Strauss Alexandra T, Caicedo Juan Carlos, Welsh Whitney, Reed Rhiannon Deierhoi, Gordon Elisa J, Taber David, Ng Yue Harn, Ross-Driscoll Katie, Schold Jesse D, Serper Marina, Olson Andrew, Harding Jessica L, Adams Andrew, Kirk Allan D, McElroy Lisa M
Division of Gastroenterology and Hepatology, Johns Hopkins University School of Medicine, Baltimore, MD.
Malone Center for Engineering in Healthcare, Johns Hopkins University Whiting School of Engineering, Baltimore, MD.
Transplant Direct. 2025 Aug 8;11(9):e1850. doi: 10.1097/TXD.0000000000001850. eCollection 2025 Sep.
Transplant center processes for determining candidacy are complex, poorly documented, ambiguous, and variable across centers. Opaque and nonstandardized transplant processes can compromise data collection and lead to inconsistent outcomes.
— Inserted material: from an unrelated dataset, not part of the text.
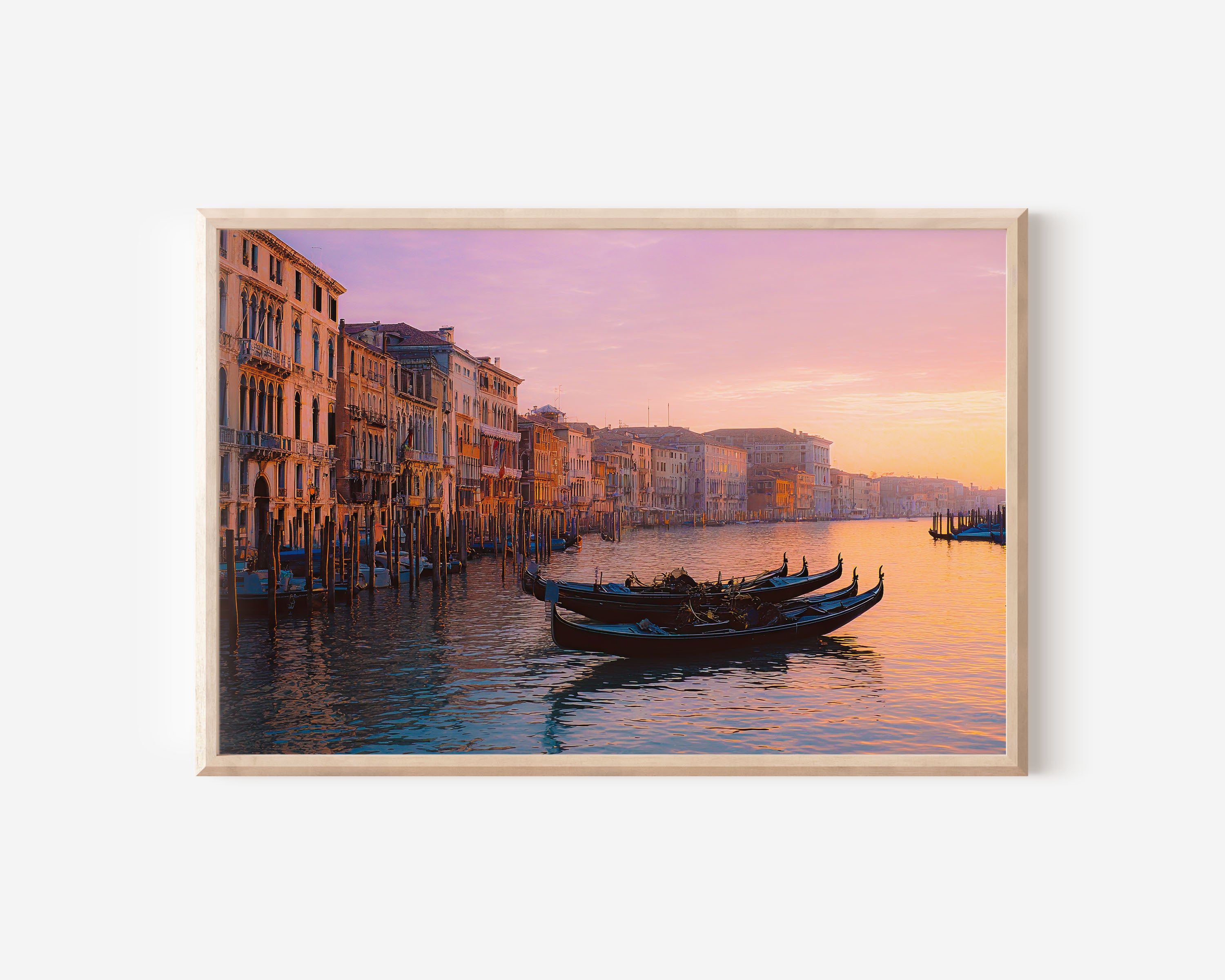 Venice Grand Canal Sunset Wall Art Print, Gondolas Venice Italy Romantic Cityscape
To understand process variation and data quality in transplantation, we surveyed 8 abdominal transplant centers in an existing research consortium about their processes of care for liver, kidney, and pancreas transplants. We used the Systems Engineering Initiative for Patient Safety model to identify variation related to people, tasks, tools, environment, and processes.
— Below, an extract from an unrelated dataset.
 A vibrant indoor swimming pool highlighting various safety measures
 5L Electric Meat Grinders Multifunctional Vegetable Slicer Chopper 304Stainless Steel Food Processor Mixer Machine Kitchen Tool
Centers varied in their processes across phases of transplant care, including screening referral, waitlist maintenance, and posttransplant follow-up. Regarding referrals, transplant centers chose their locations for outreach to and education for referring providers based on historical density or by request (63%). Additionally, screening of referred patients for transplant evaluation varied across centers related to screening method, screening timing/attempts, and who determines eligibility. For patients declined for listing, only 25% of centers had a formal appeal process (liver only), and most centers had either an informal appeal process (liver: 50%, kidney and pancreas: 87.5%) or none (liver: 25%, kidney and pancreas: 12.5%).
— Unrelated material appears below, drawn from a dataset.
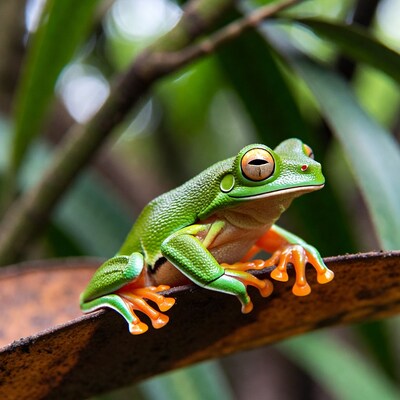 Red-eyed tree frog on branch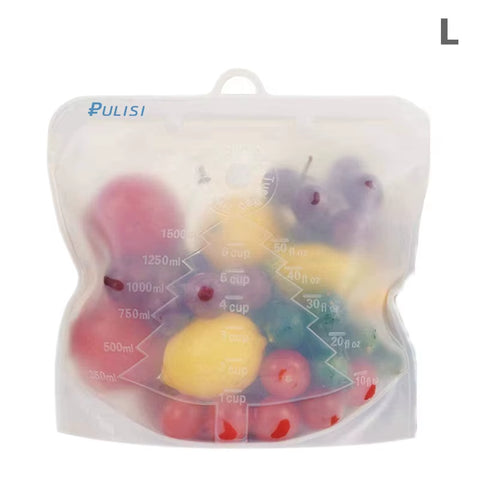 Silicone Reusable Food Bag 1500Ml 1000Ml 500Ml Leakproof Containers Reusable Fresh Bag Food Storage Bag Freezer Bag Snack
In light of increased national attention to improving data collection, processes of care, and workforce efficiency, our findings provide insight into processes that may inform effective transplant practices and identify targets for future interventions.
各移植中心用于确定候选资格的流程复杂、记录不完善、含混不清且各中心之间存在差异。不透明且不规范的移植流程可能会影响数据收集,并导致结果不一致。
为了解移植过程中的流程差异和数据质量,我们对一个现有研究联盟中的8个腹部移植中心进行了调查,了解它们在肝、肾和胰腺移植护理方面的流程。我们使用患者安全系统工程倡议模型来识别与人员、任务、工具、环境和流程相关的差异。
各中心在移植护理各阶段的流程存在差异,包括筛查转诊、等待名单管理和移植后随访。关于转诊,移植中心根据历史密度或应要求选择向转诊提供者进行外展和教育的地点(63%)。此外,各中心对转诊患者进行移植评估的筛查在筛查方法、筛查时间/尝试次数以及由谁确定资格方面存在差异。对于被拒绝列入名单的患者,只有25%的中心有正式的上诉程序(仅肝脏移植),大多数中心要么有非正式的上诉程序(肝脏移植:50%,肾脏和胰腺移植:87.5%),要么没有(肝脏移植:25%,肾脏和胰腺移植:12.5%)。
鉴于国家越来越重视改善数据收集、护理流程和劳动力效率,我们的研究结果为可能有助于有效移植实践的流程提供了见解,并确定了未来干预的目标。